Vitamin D receptor genotype may identify prediabetes patients who respond to high-dose vitamin D
A JAMA Network Open study found high-dose vitamin D may reduce progression from prediabetes to type 2 diabetes in people with certain vitamin D receptor genotypes. In participants with ApaI CC or AC alleles, risk fell 19% versus placebo, while no reduction was seen in those with ApaI AA alleles.
High-dose vitamin D may delay or prevent the progression of prediabetes to type 2 diabetes, but only in people with certain polymorphisms in the vitamin D receptor, new research suggested. In participants with ApaI CC and AC alleles, vitamin D reduced the risk of developing diabetes by 19% compared with placebo, while among participants with ApaI AA alleles, vitamin D did not appear to reduce the risk. The study was published in JAMA Network Open.
Researchers analyzed data from adults with prediabetes who were enrolled in the earlier Vitamin D and Type 2 Diabetes (D2d) trial, with available intratrial 25(OH)D levels and genotyping. In the initial study, participants were randomly assigned to receive 4000 IU/d of vitamin D3 or a placebo daily for a median of 2.5 years. Although vitamin D led to a reduction in progression from prediabetes to type 2 diabetes, the finding failed to reach statistical significance in the intent-to-treat analysis (hazard ratio [HR], 0.88; 95% CI, 0.75-1.04).

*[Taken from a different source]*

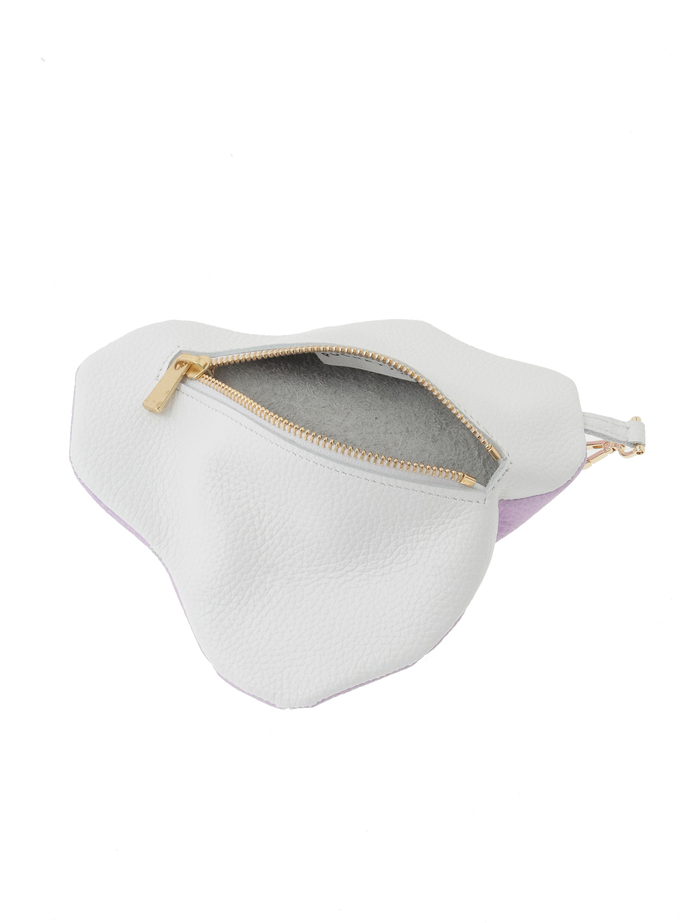 【POCHETTY/ポシェッティ】ポーチ/INSALATA with Charm 詳細画像 パープル 6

In the genetic association study, researchers evaluated whether three common polymorphisms (ApaI, BsmI, and FokI) in the vitamin D receptor were associated with reduced diabetes risk among participants (n = 1903) who achieved higher intratrial mean 25(OH)D levels. This aspect of the study was called the discovery phase. The test phase then investigated whether participants’ vitamin D receptor genetic profile modified the response to vitamin D3 supplementation compared with placebo.
In the discovery phase, participants with the ApaI CC genotype had HRs of 0.29 (95% CI, 0.13-0.65) for incident diabetes at 25(OH)D levels of 40-50 ng/mL and 0.17 (95% CI, 0.07-0.43) at ≥ 50 ng/mL. Among those with the AC genotype, HRs for incident diabetes were 0.51 (95% CI, 0.30-0.86) and 0.26 (95% CI, 0.14-0.48), respectively. These groups were classified as responders, while participants with the AA genotype showed no risk reduction and were considered nonresponders.
A similar pattern was observed for BsmI, but results for FokI were less consistent, so this polymorphism was not analyzed further. The lack of risk reduction among ApaI AA carriers, along with the observation that most individuals with the nonresponsive BsmI TT genotype also carried ApaI AA, suggested that ApaI genotyping alone might be sufficient to identify individuals with prediabetes who would be more or less likely to respond to high-dose vitamin D3 supplementation.
Researchers then analyzed participants with complete ApaI genotype data (n = 2098; mean [standard deviation] age, 60.2 [9.9] years; 55.7% men), stratifying them solely by ApaI genotype into two groups: 29.5% were classified as proposed nonresponders and 70.5% were classified as proposed responders. The groups were generally well balanced at baseline, achieving similar intratrial serum 25(OH)D concentrations.
In participants with ApaI CC and AC alleles, vitamin D reduced the risk of developing diabetes by 19% (HR, 0.81; 95% CI, 0.66-0.99) compared with placebo, while among participants with ApaI AA alleles, vitamin D did not appear to reduce the risk (HR, 1.02; 95% CI, 0.72-1.44). The study was too small to examine the association between ApaI alleles and treatment response within individual groups by race and ethnicity, and did not address the mechanisms by which ApaI genotypes are associated with vitamin D response.